• **ASSIGNED TASK**: With the pictures removed, write out the full listing below exactly.

• **MATERIALS PROVIDED**:
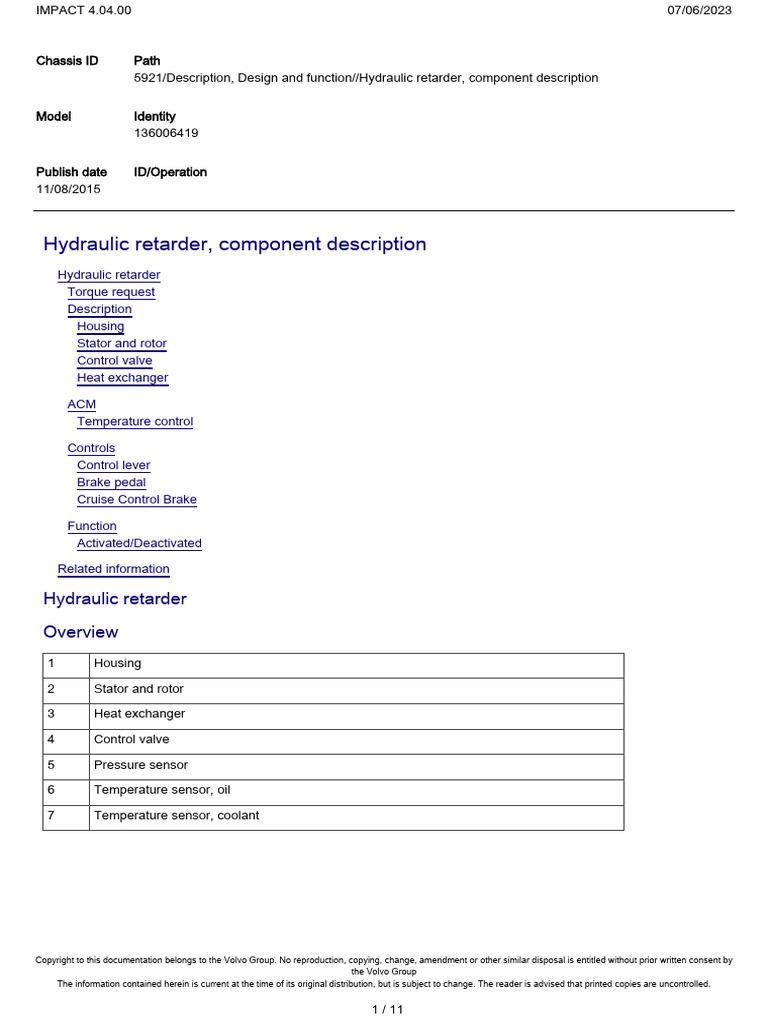 Hydraulic Retarder Component Description PDF Brake Mechanical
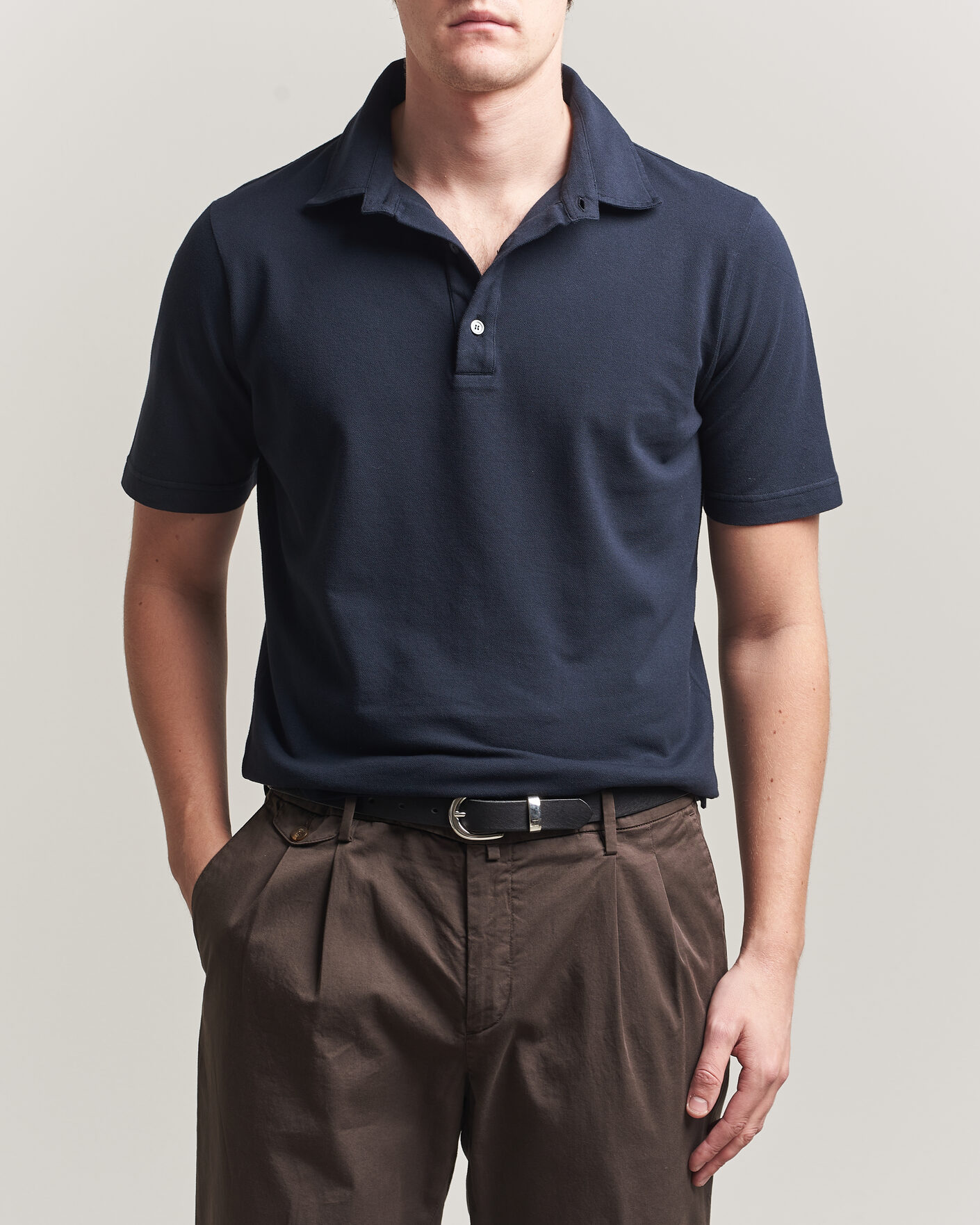 Mies | Pikeet | Zanone | Soft Cotton Piquet Polo Navy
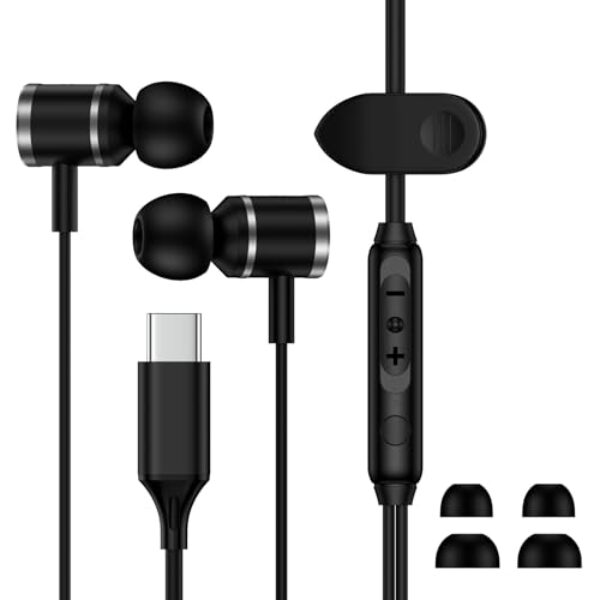 Fone de ouvido com fio Pixel 10 Pro Fold USB C para Google Pixel 10 Pro XL/10/9 Pro XL/9A/8/7/6, fones de ouvido preto USB tipo C com microfone, fone de ouvido USBC para iPhone 17 Pro Max 17 Air 16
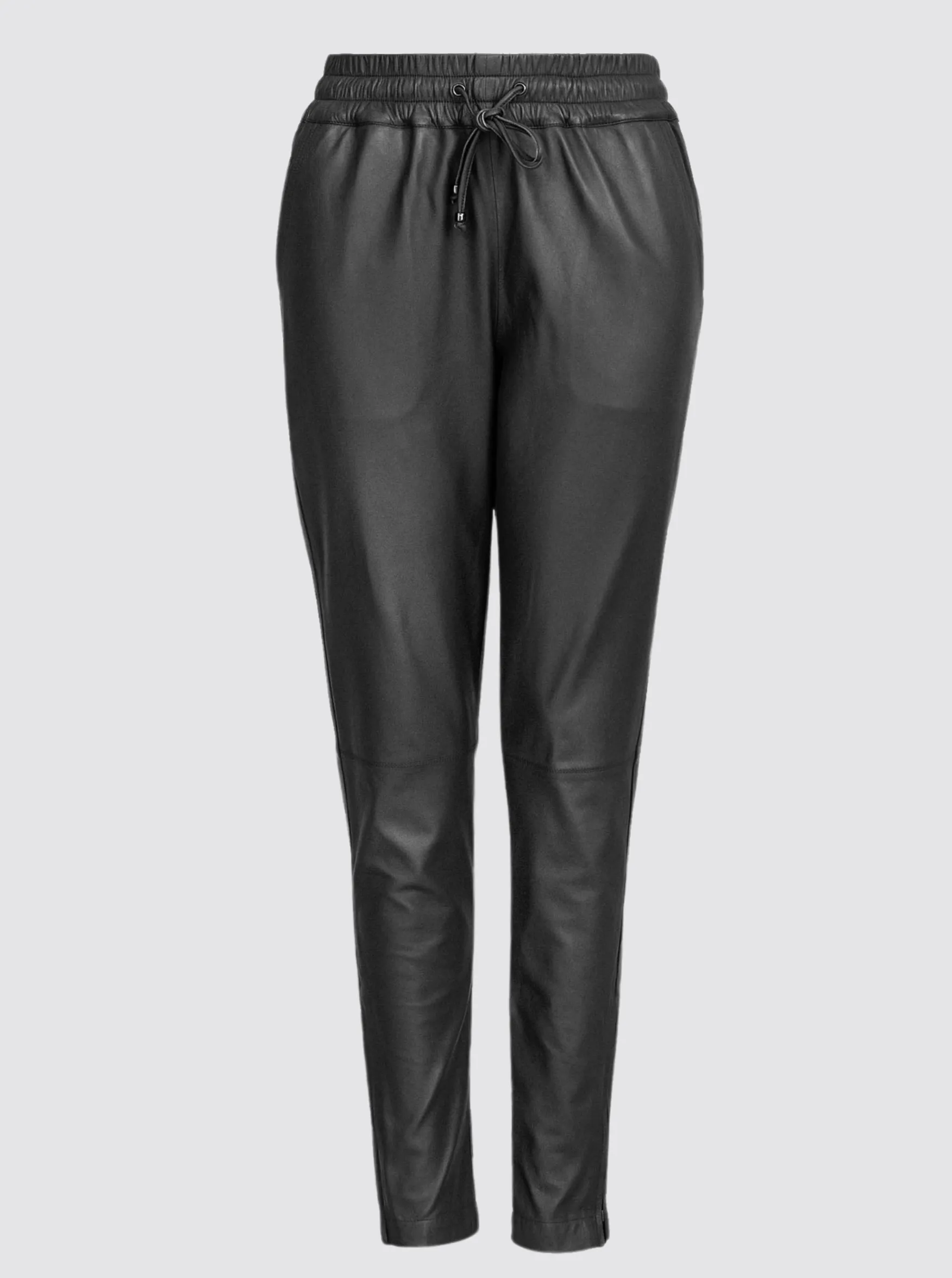 GEMMA LEATHER JOGGER - BLACK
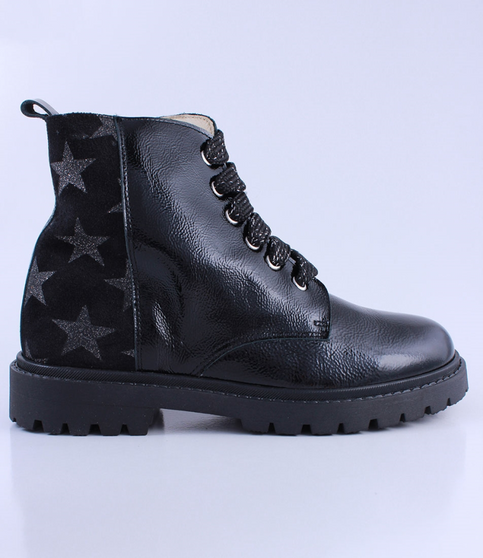 Black girls patent leather ankle boot with lace‑up front, side zip and tread sole.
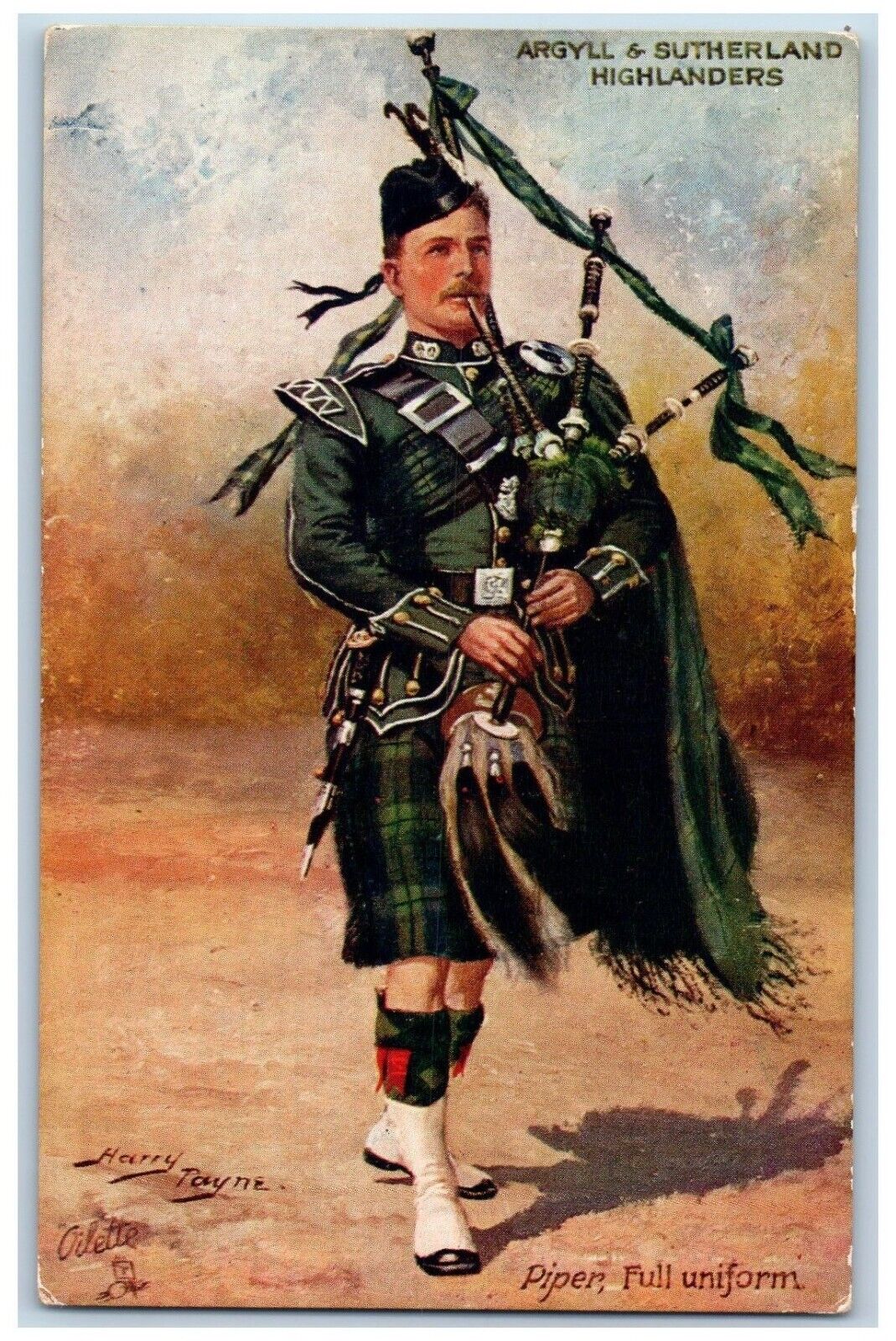 Harry Payne Signed Postcard Scotland Kilt Bagpipes Piper Full Uniform Oilette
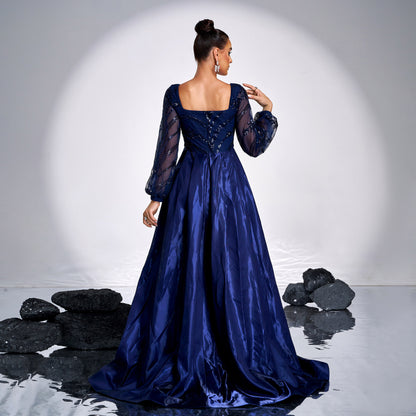 2025 high-end temperament long-sleeved square collar long sequined banquet big pendulum evening dress bridesmaid dress women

• **FINISHED EXERCISE**:
 Hydraulic Retarder Component Description PDF Brake Mechanical
 Mies | Pikeet | Zanone | Soft Cotton Piquet Polo Navy
 Fone de ouvido com fio Pixel 10 Pro Fold USB C para Google Pixel 10 Pro XL/10/9 Pro XL/9A/8/7/6, fones de ouvido preto USB tipo C com microfone, fone de ouvido USBC para iPhone 17 Pro Max 17 Air 16
 GEMMA LEATHER JOGGER - BLACK
 Black girls patent leather ankle boot with lace‑up front, side zip and tread sole.
 Harry Payne Signed Postcard Scotland Kilt Bagpipes Piper Full Uniform Oilette
 2025 high-end temperament long-sleeved square collar long sequined banquet big pendulum evening dress bridesmaid dress women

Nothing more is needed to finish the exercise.